Khalifah juga akan melakukan pemantauan bulan sabit terhadap Arab Saudi, Yaman, Iran, Irak, Lebanon dan negara-negara di Jazirah Arab.
Selain itu, Khalifah akan mengawasi Ru'yat melalui umat Islam yang tinggal di Eropa, Afrika, dan Amerika.
Kelima, ketika ada kesaksian seorang muslim melihat hilal, maka kesaksian tersebut akan dijadikan sebagai cara isbat (mengatur) Idul Fitri bagi seluruh umat Islam di dunia. Waktu Greenwich bisa dijadikan sebagai batas akhir terlama untuk menetapkan hari raya Idul Fitri di suatu wilayah.
Kesimpulan
Jika cara ini ditempuh, maka melalui cara Hisab dan Ru'yat Khalifah akan menentukan ketetapan kapan Puasa Ramadhan dan Idul Fitri berlangsung dan ketetapan ini akan mengikat seluruh muslim untuk mengikutinya, maka seluruh umat Islam dapat merayakan Idul Fitri serentak.

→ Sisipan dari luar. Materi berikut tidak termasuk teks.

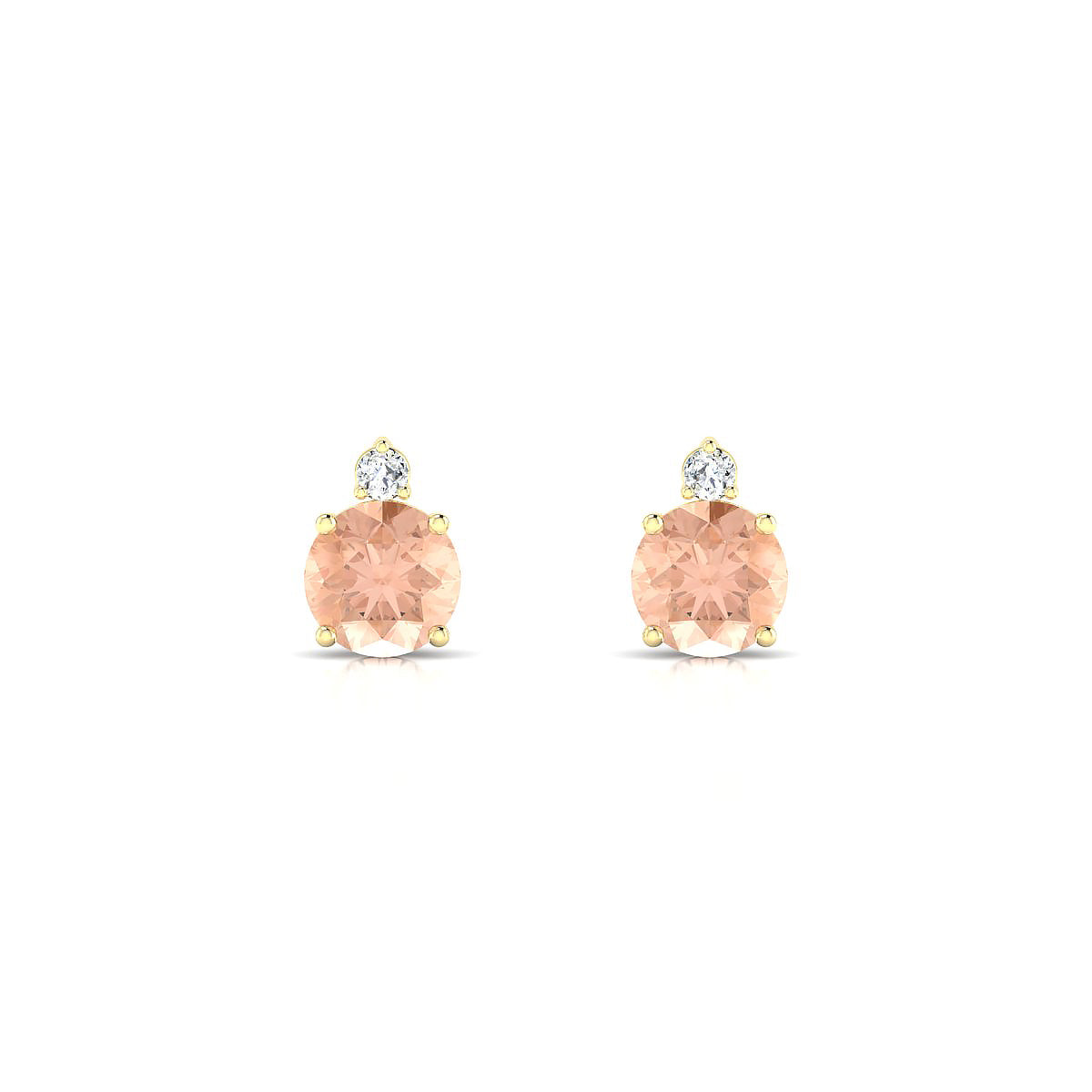 Sparkle | 18k Yellow Gold 6 mm Round Morganite Earrings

Misalnya pada Idul Fitri 1444 H. Meskipun Muhammadiyah telah menetapkan 1 Syawal 1444 H sebagai hari Jumat tanggal 21 April 2023, namun bukan tidak mungkin banyak jamaah atau umat Islam lainnya yang merayakan Idul Fitri bersama Muhammadiyah pada hari Jumat walaupun mereka menggunakan Ru'yat global.
Karenanya kaum Muslimin sangat membutuhkan Khilafah untuk mempersatukan umat Islam agar mereka dapat mengadopsi kalender global dan Ru'yat global sehingga kita umat Islam dapat berpuasa dan merayakan Idul Fitri bersama umat Islam lainnya.
Meski begitu, perbedaan waktu Idul Fitri adalah soal ijtihadiyah. Umat Islam tetap diwajibkan untuk bersatu dan mencintai sesama Muslim dan saling berbahagia di hari-hari raya, meskipun melaksanakan shalat Idul Fitri pada waktu yang berbeda.